Radiation-induced lymphohematopoietic syndrome is characterized by a depression in the peripheral blood levels of white and red blood cells and platelets, as well as the loss of weight and decrease in the size of lymphatic tissues such as the spleen and thymus gland. In this study, cimetidine was shown to have an effect of increasing the number of WBC and DNA content of bone marrow cells. These results suggested that cimetidine may play an important role in protecting the hematopoietic system against n-γ LDR in vivo. This study also showed that the spleen indexes, thymus indexes and splenocyte proliferation of cimetidine-treated rats were increased significantly. It also suggested that cimetidine can improve the immune function of irradiated rats. Recent studies have shown that cimetidine could modulate immune responses.
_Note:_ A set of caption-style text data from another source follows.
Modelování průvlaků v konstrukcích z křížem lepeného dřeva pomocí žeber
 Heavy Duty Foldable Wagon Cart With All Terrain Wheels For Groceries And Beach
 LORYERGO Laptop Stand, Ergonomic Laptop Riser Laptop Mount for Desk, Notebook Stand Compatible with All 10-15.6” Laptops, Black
Cimetidine might act as a non-specific stimulant of cell-mediated immunity and as an immunomodulator [20], and enhances antigen-specific IgE and Th2 cytokine production [21]. Cimetidine augments Th1/Th2 dual polarized immune responses to recombinant HBV antigens [22]. It has also been revealed that a group of T cells with histamine receptors might have a suppressive effect. Therefore, an antagonist of histamine type II receptors might play a role in the immune system and inhibit the function of suppressor T cells, mainly by increasing the CD4+ cells of peripheral blood T lymphocytes [13, 23]. The administration of cimetidine prior to irradiation leads to the inhibition of T suppressor cells and an increase in the proliferation of CD4+ lymphocytes, causing the production of glutathione reductase and catalase enzymes, which prevent DNA damage and eventually reduce the clastogenic effect of radiation [13, 24]. Thus, cimetidine might, via the regulation T lymphocytes, protect rats against immune and oxidative damage by n-γ LDR. These results suggested that cimetidine may be a useful candidate radioprotector for low-dose occupational radiation.

Conclusion

The effect of cimetidine on rats exposed to long-term n-γ LDR was evaluated in this study. The results showed that cimetidine increased the peripheral blood WBC, spleen, thymus and testicle indexes, DNA content of marrow cells, lymphocyte proliferation, and activities of SOD and GSH-Px in n-γ LDR rats significantly but reduced the frequency of micronuclei in polychromatic erythrocytes (1.41–1.77 fold) and effectively decreased the content of MDA in n-γ LDR rats. The results suggested that cimetidine can alleviate damage induced by n-γ LDR via antioxidation and immunomodulation. Cimetidine might be useful as a potent radioprotector for radiotherapy patients as well as occupational exposure workers.